Eine Unze Haselnüsse enthält grob:

Kalorien:

176

  • Gesamtfett: 9 Gramm
  • Eiweiß: 6 Gramm
  • Kohlenhydrate: 6 Gramm
  • Faser: 3. 5 Gramm
  • Vitamin E: 37% der RDI
  • Magnesium: 20% der RDI
  • Wie viele andere Nüsse scheinen auch Haselnüsse positive Auswirkungen auf Risikofaktoren für Herzerkrankungen zu haben. Eine Studie ergab, dass eine haselnussreiche Ernährung das Gesamtcholesterin, LDL-Cholesterin und Triglyceride reduzierte. Es reduzierte auch Entzündungsmarker und verbesserte die Funktion der Blutgefäße (57).

Andere Studien haben gezeigt, dass Haselnussdiäten den Cholesterinspiegel verbessern und die Menge an Vitamin E im Blut erhöhen können (58, 59).

Bottom Line:

Haselnüsse sind eine gute Quelle für viele Nährstoffe wie Vitamin E. Sie können auch Risikofaktoren für Herzerkrankungen reduzieren.

9. Erdnüsse Erdnüsse sind technisch gesehen keine Nuss - sie sind Hülsenfrüchte. Sie werden jedoch oft als Nüsse angesehen und haben ähnliche Nährwertprofile und gesundheitliche Vorteile (60).

Eine Unze trocken geröstete Erdnüsse enthält grob:

Kalorien:

176

  • Gesamtfett: 17 Gramm
  • Eiweiß: 4 Gramm
  • Kohlenhydrate: > 5 Gramm Faser:
  • 3 Gramm Vitamin E:
  • 21% der RDI Magnesium:
  • 11% der RDI Eine Studie mit über 120.000 Menschen fanden heraus, dass höhere Aufnahme von Erdnüssen mit niedrigeren Todesraten verbunden war (2).
  • Erdnüsse können auch Risikofaktoren für Herzerkrankungen verbessern (61). Interessanterweise fand eine Studie heraus, dass bei Frauen, die Erdnussbutter mehr als fünfmal pro Woche aßen, eine niedrigere Rate an Typ-2-Diabetes festgestellt wurde (62).

Allerdings enthalten viele Erdnussbutter große Mengen an zugesetzten Ölen und anderen Zutaten. Daher ist es am besten, Erdnussbutter mit dem höchsten Erdnussgehalt zu wählen.

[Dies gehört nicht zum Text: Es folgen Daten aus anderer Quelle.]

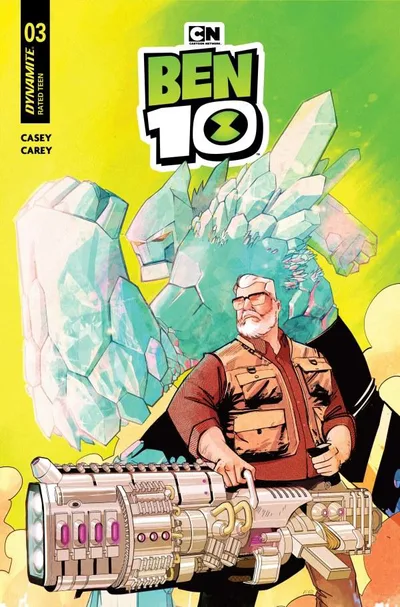 Cover of Cover D Sebastián Píriz Variant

Ebenso werden Erdnüsse normalerweise gesalzen oder aromatisiert, wodurch die damit verbundenen gesundheitlichen Vorteile beseitigt werden können. Stattdessen versuchen Sie, einfache, ungesalzene, nicht aromatisierte Erdnüsse zu wählen.

Außerdem können die Asthma- und allergischen Erkrankungsraten bei Kindern von Müttern, die während der Schwangerschaft mindestens einmal pro Woche Erdnüsse gegessen haben, sogar niedriger sein (63).

Bottom Line:

Erdnüsse sind Hülsenfrüchte, keine Nüsse. Sie haben jedoch nährstoffähnliche Nährwertprofile und können auch Risikofaktoren für Herzerkrankungen und Diabetes mindern.

Take Home Message

Nüsse sind eine der gesündesten Snacks, die Sie essen können, da sie eine große Auswahl an essentiellen Nährstoffen enthalten. Die vorteilhaften Wirkungen von Nüssen werden jedoch auf Nüsse zurückgeführt, die minimal verarbeitet wurden und keine Zusätze enthalten.

Viele Nüsse, die Sie kaufen, haben große Mengen an Salz oder Aromen, so dass es am besten ist, immer Nüsse mit nichts anderem zu kaufen.

Nüsse können, wenn sie in eine gesunde Ernährung aus anderen natürlichen Vollnahrungsmitteln integriert werden, dazu beitragen, Risikofaktoren für viele chronische Krankheiten zu reduzieren.